Barmstedt/Itzehoe. Rechtsmediziner bestätigt: Monika S. ist verblutet, mutmaßlich getötet von ihrem eigenen Sohn. Der steht in Itzehoe vor Gericht.
Mehr als 68 Einstiche hat der Rechtsmediziner Benjamin Ondruschka bei der Obduktion des Opfers registriert und genau untersucht. Die Bilder, die dafür im Verhandlungssaal des Landgerichts Itzehoe an die Wand projiziert wurden, waren nichts für schwache Nerven und zeugten von massiver Gewalt. Der Angeklagte Jan S. – grünes Sweatshirt, Jeans und Turnschuhe – sah nicht hin, starrte stattdessen regungslos auf den Tisch. Denn die Aufnahmen zeigten seine grausam zugerichtete Mutter Monika S. auf dem Seziertisch.
Totschlagsprozess: Opfer ist laut Rechtsmedizin verblutet
Der 40-Jährige soll seine Mutter am 4. Mai in Barmstedt mit etlichen Messerstichen getötet haben. Er ist wegen Totschlags angeklagt. Zum Prozessauftakt am 2. November hatte der Barmstedter die Tat bereits gestanden.
Viele der Einstiche zeugten von massiver Gewalteinwirkung, sagte Ondruschka nun vor Gericht. So war unter anderem das Brustbein durchstochen, was nur gewaltsam möglich sei, so der Chef der Rechtsmedizin im Universitätsklinikum Hamburg-Eppendorf (UKE). Mehrere Stiche verletzten innere Organe, unter anderem die Leber. Auch die Niere war verletzt. Ein Stich traf die Herzspitze, drang aber nicht in die Herzkammer vor. Kein Stich für sich sei unmittelbar tödlich gewesen, so der Fachmann. Das Opfer sei verblutet.

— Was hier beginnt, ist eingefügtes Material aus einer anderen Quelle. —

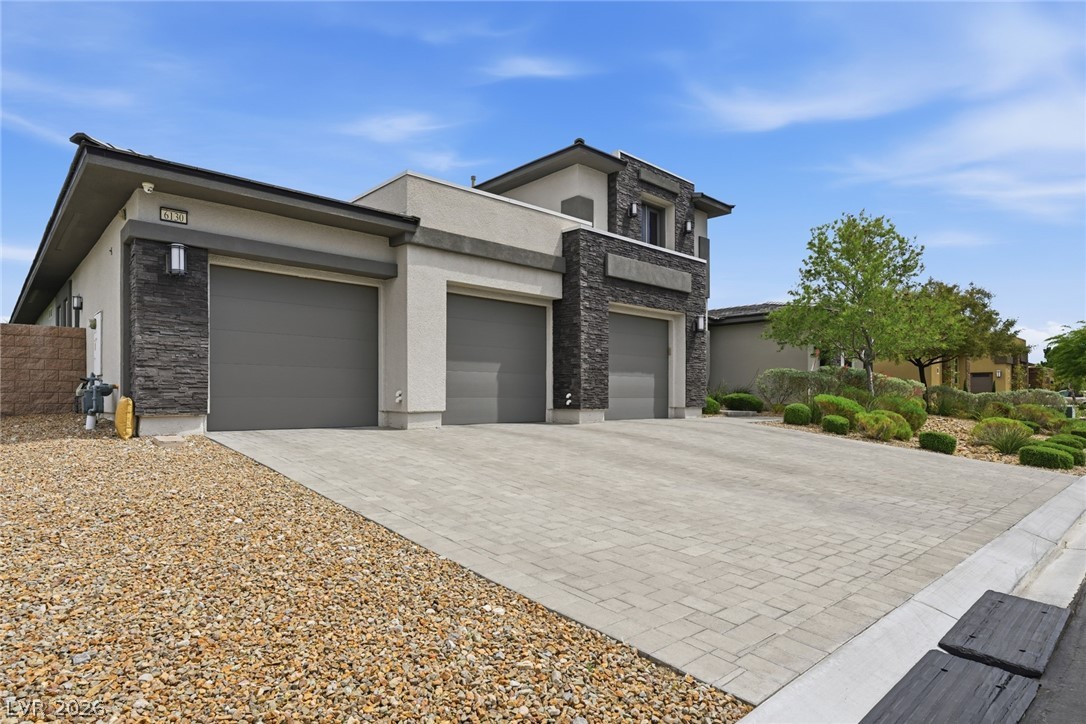 6130 Pebble Glen Court Las Vegas NV 89149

Gutachter: Todeskampf, der bis zu einer Stunde lang gedauert haben könnte
Hinzu sei eine Luftembolie gekommen, die entsteht, wenn Luft in die Blutbahn gelangt. „Begleitet von einer Erstickungskomponente“, sagt Ondruschka. Auf der Leiche, die auf dem Sofa sitzend gefunden wurde, lag ein Kissen. Laut Rechtsmediziner sei es vorstellbar, dass es ihr aufs Gesicht gedrückt wurde. Das habe aber nicht den Tod herbeigeführt.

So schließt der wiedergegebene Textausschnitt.